Details about the Biketopia! Kickstarter can be found at the bottom of this post. 
Publishing
SPS! What is it about physical publishing that excites you in 2017?
EB: Oh, I love it. Everything about publishing excites me. It’s a big, complicated puzzle and there is no limit to how much you can learn or what you can accomplish. My favorite part, if I had to pick one, is seeing the way people respond to our books and zines in our store and at events—like they’ve been hungry for a long time and have just spotted some really delicious food. That’s what’s most fulfilling: producing books that speak to people and help them imagine the world and their lives in different ways.
SPS! Your first kickstarter was back in 2010. Since then you have launched at least 23 campaigns to get various zines and books printed - It’s obviously a sustainable model to get things done/published:
Is your goal to build a movement, grow a community, or both?
EB: Both! My official job title nowadays is “marketing director.” For a number of years I was a bicycle activist in Portland, and marketing is nearly identical to activist movement building. For either one, the community has to exist first, or at least enough people who would be part of the community if they knew it existed. Having good literature that represents that movement and its debates and brings it to a wider audience can help a community grow and help members find each other and see the bigger picture.
SPS! If you were starting a zine for the first time in 2017 would you still use Kickstarter or use another platform - Patreon etc? or do something else?
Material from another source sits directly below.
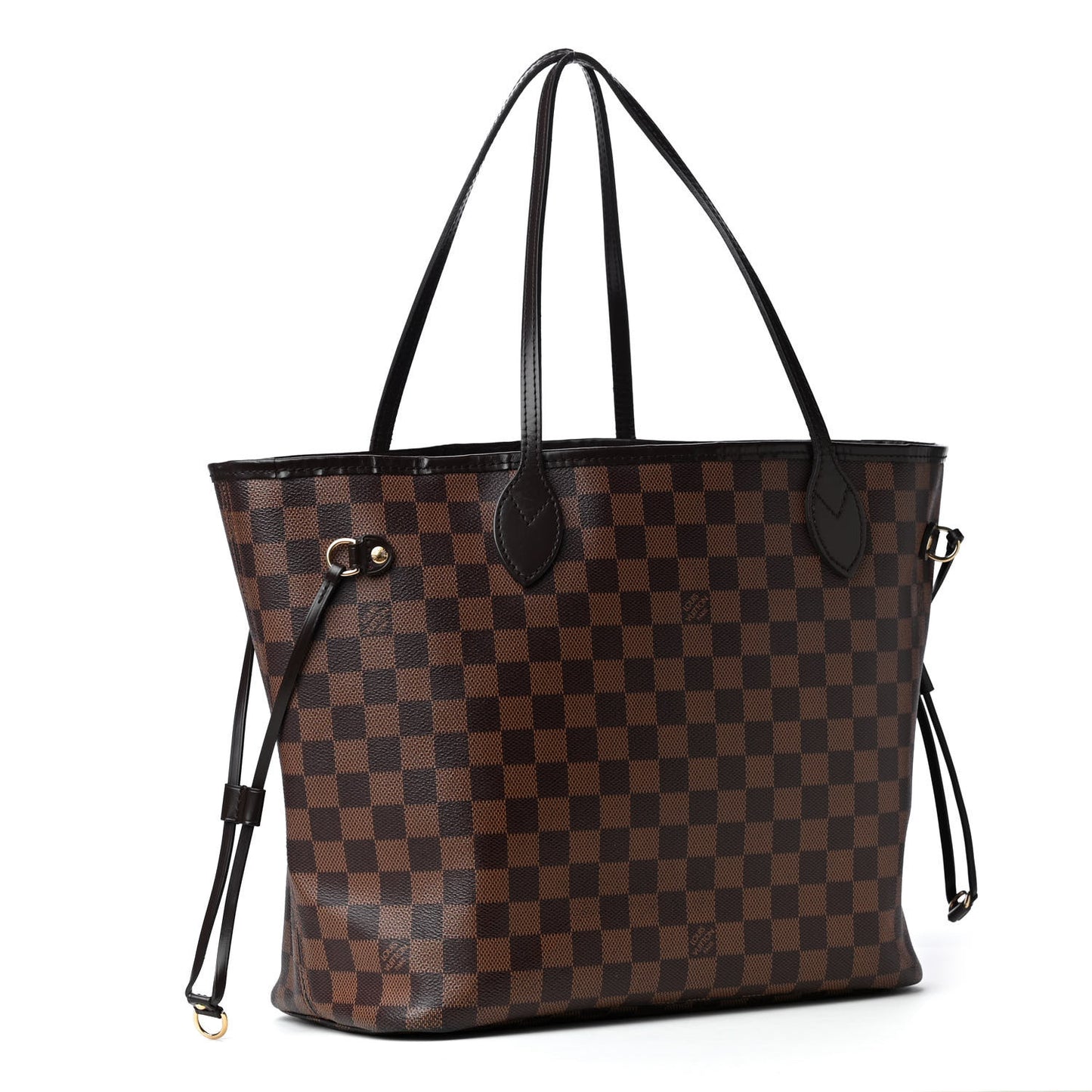 Damier Ebene Neo Neverfull MM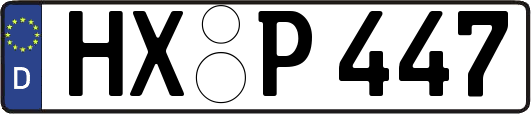 HX-P447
EB: Funny you ask -- I’m actually bringing Taking the Lane zine back this year. I gave it up for books for a while, but honestly, zines sell better. They feel more special, I think. People seek them out and are really stoked to get their hands on them. Publishing books is great, but the stuff I do under my feminist bicycling imprint doesn’t really fit on any shelf at a bookstore, so I’m dialing a lot of it back to the underground. But to answer your question, I’m planning to keep using Kickstarter to fund the zines. And I’m getting ready to open a Patreon later this month! Microcosm, my parent company, just launched one, and I’m learning a lot about how to use it. https://www.patreon.com/microcosm
SPS! Theoretically, do you think there is any utility in small scale niche publishers/zines who rely on their community for support to publish their accounts?
EB: Sure. But it’s the other way around—the community support is what demonstrates the utility and justifies doing this stuff in the first place. I see the zines and books as a service to the community and a way to focus it, amplify it, and grow it, rather than the community being a separate thing or an appendage of the publications. What I choose to publish, and who contributes, and how it’s positioned, all of that happens in response to what the community is doing, and also to looking at the community and thinking about who is and isn’t represented.
Feminism
SPS! Your first ‘Taking the lane’ zine was called ‘Sharing the Road with Boys’ with writing by you on sexist encounters in cycling and what to do about it. Apart from society’s background misogyny/sexism, how did that zine and subsequent series come about?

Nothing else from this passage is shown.